Hybrid solar cells combine the advantages of inorganic semiconductor photovoltaic materials with their extremely high carrier mobilities, and organic polymers solar cells that strongly absorb sunlight. However, it can be difficult to control the inorganic-organic interface and in particular the electronic and physical properties of the polymers grown on semiconducting nanostructures.

A team of researchers, led by Diana Huffaker and Richard Kraner, may now have found a way to overcome this problem by developing a new method to coat semiconducting nanopillars with PEDOT (a conducting polymer). The nanopillars used in the experiments are densely packed arrays of electro-optically active GaAs semiconductors.

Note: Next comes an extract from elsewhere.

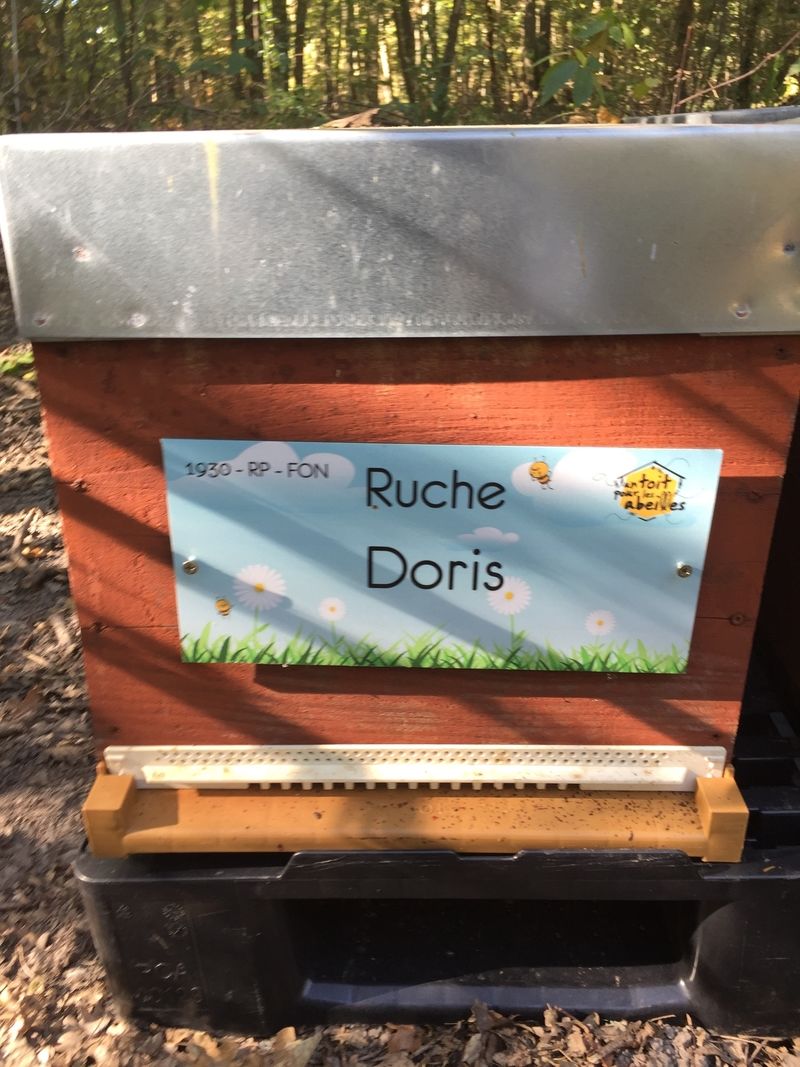 La ruche Doris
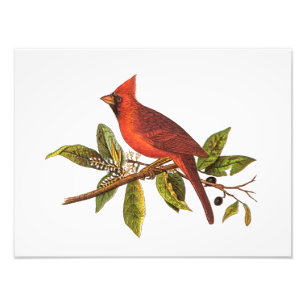 Vintage Cardinal Song Bird Illustration - 1800's Photo Print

Such nanostructures show much promise as solar cells thanks to light-trapping effects between the pillars that dramatically reduce the amount of photons reflected from a device, which ultimately enhances optical absorption. The high surface-to-volume ratio of these materials also increases the all-important photoactive junction area so that more photons are harnessed, leading to enhanced power-conversion efficiency.

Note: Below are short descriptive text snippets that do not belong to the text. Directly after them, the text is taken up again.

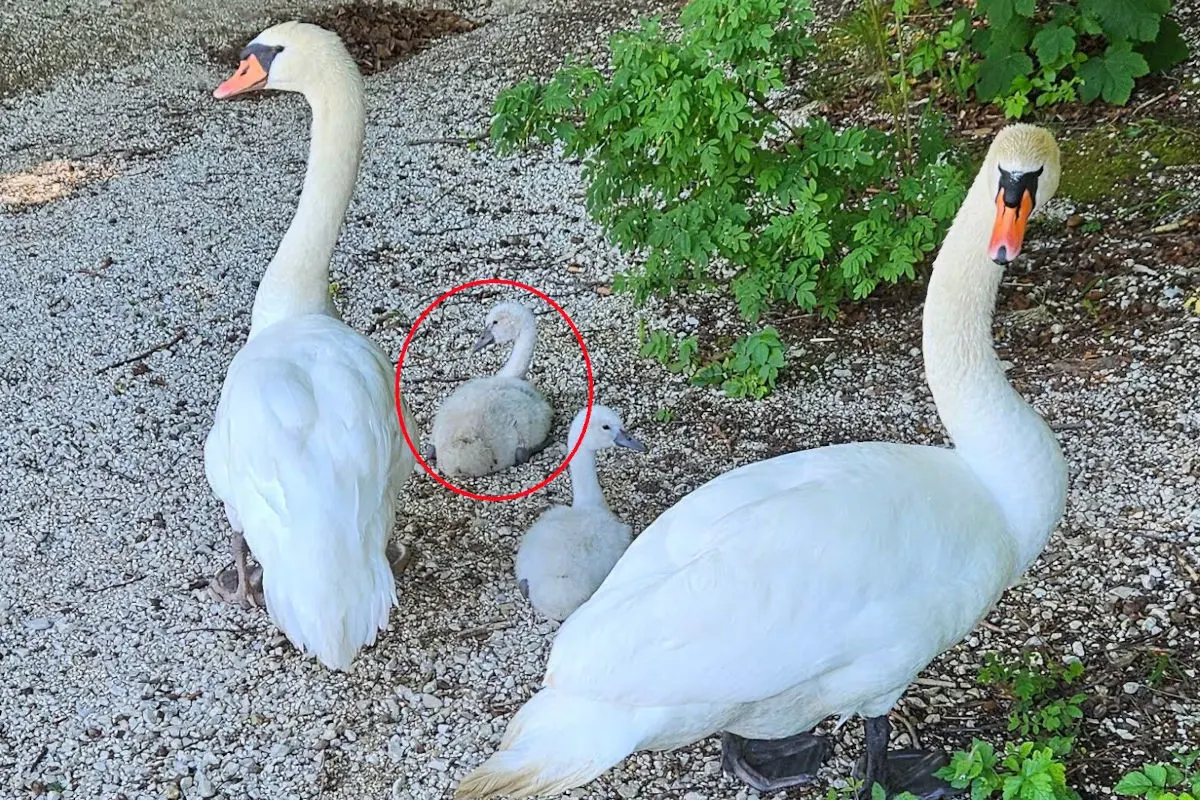 Fuschlsee SB – Polizisten und Passanten retten Jungschwan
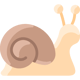 snail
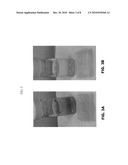 SILICA-BASED PARTICLE COMPOSITION diagram and image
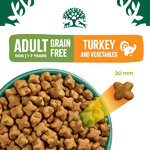 James Wellbeloved Adult Grain Free Turkey & Vegetable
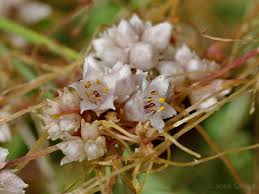 Image result for Cuscuta planiflora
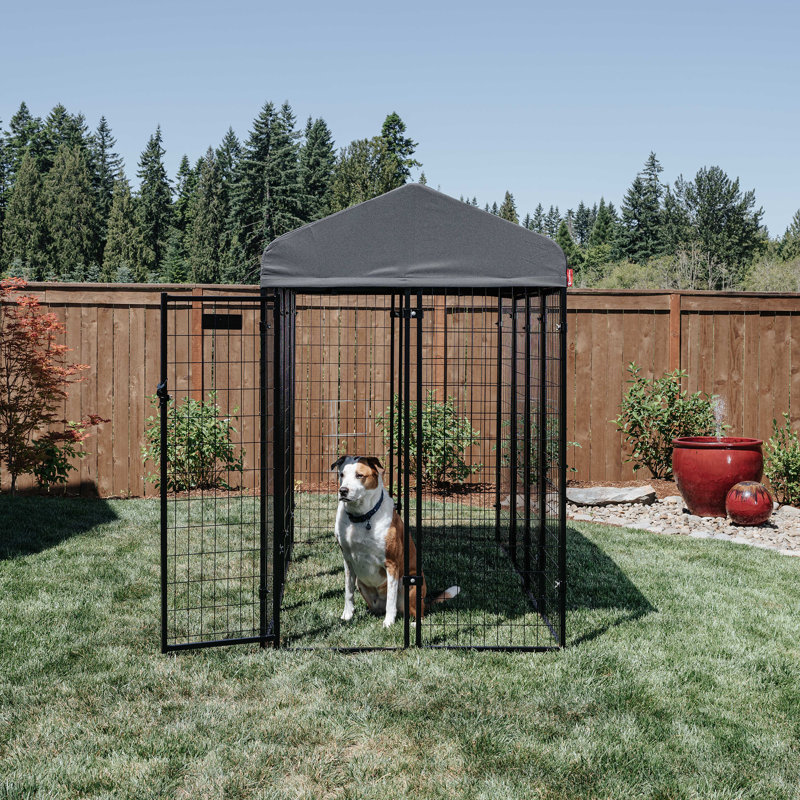 Black Powder Coat Steel Frame Outdoor Dog Kennel with Waterproof Canopy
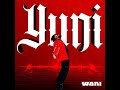 Yuni Wani Visualiser
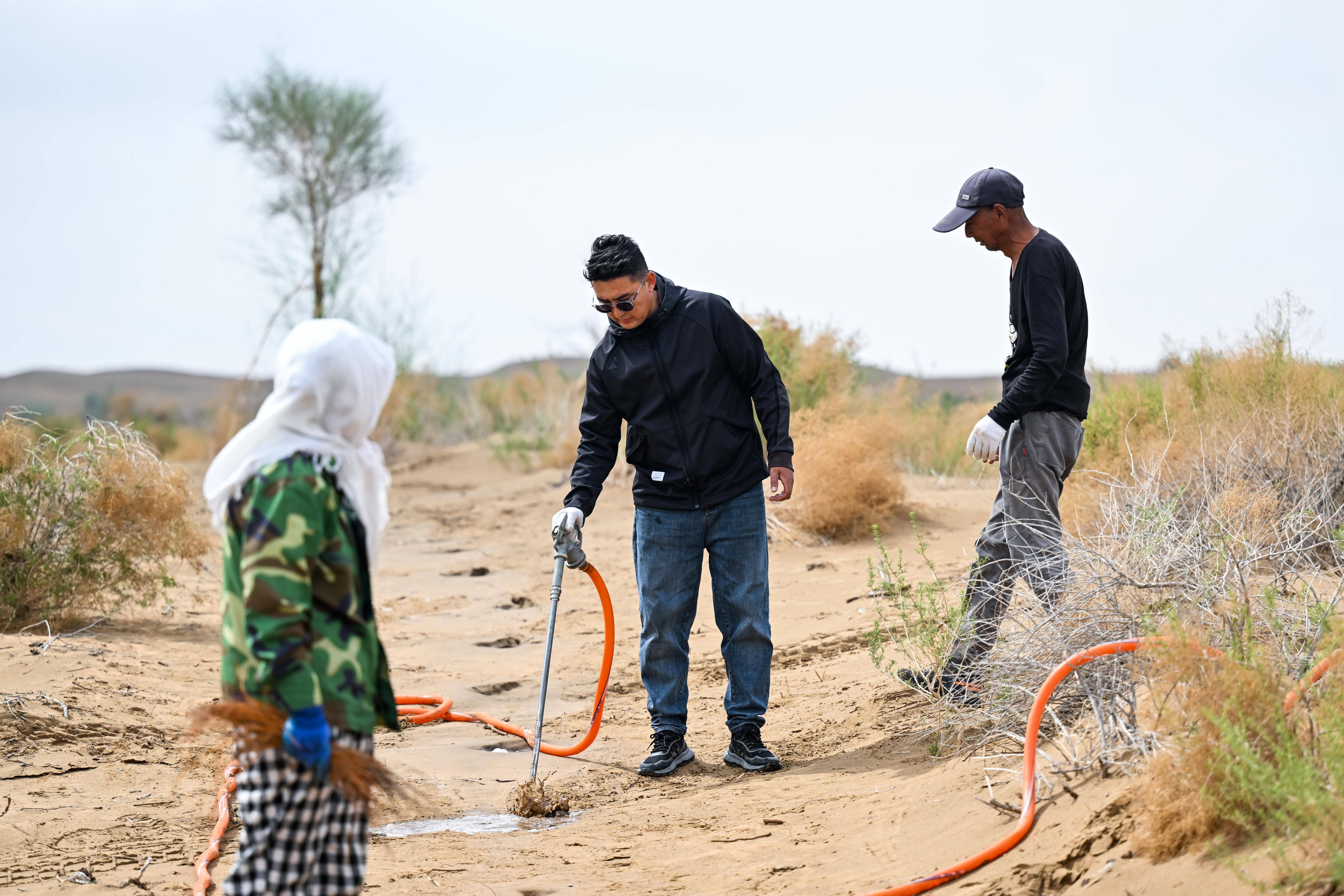 投身库布其沙漠治理至今2012年大学毕业后返乡"90后"牧民敖日格乐绿意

Tailoring and tuning properties

The researchers, who have published their work in Nano Letters, employed routine bulk electropolymerization techniques to tailor properties like energy levels, conductivities, carrier mobilities and chemical doping levels in the polymer component. These techniques allow for a much better control of the morphology and properties of a finished device compared with standard spin-coat methods, explains team member Giacomo Mariani. They are also better than common processing methods, such as inkjet printing and spin/drop casting, routinely used to apply an organic layer to inorganic nanostructures and which result in coatings with non-uniform thicknesses.

The 3D hybrid solar cells developed by the UCLA researchers have tunable properties thanks to the fact that the amount and type of dopant in the organic layer can be controlled during deposition. “The possibility of incorporating several dopants at once during this time also allows us to electronically tune the hybrid interface in terms of band-to-band re-alignments between the organic and inorganic layers,” Mariani told nanotechweb.org. “This technique results in an improved short-circuit current density, JSC, of 13.6 mA cm–2, an open-circuit voltage, VOC, of 0.63 V and a peak external quantum efficiency of 58%.”

Monomers and better nanopillars

The team now plans to look at conjugated monomers suitable for electrodeposition. These monomers would form the organic p-side of a p-n hybrid junction in contrast to the Schottky hybrid junction demonstrated in the current work. The researchers also hope to investigate other better performing, high-mobility III-V materials as the nanopillars.

“We are convinced that by intimately controlling both the inorganic and organic sides during solar-cell fabrication, we shall be able to thoroughly characterize the properties of the hybrid junction,” added Mariani. “Hybrid solar cells will only reveal their true potential if we are able to understand the fundamental charge transport properties between the two classes of material.”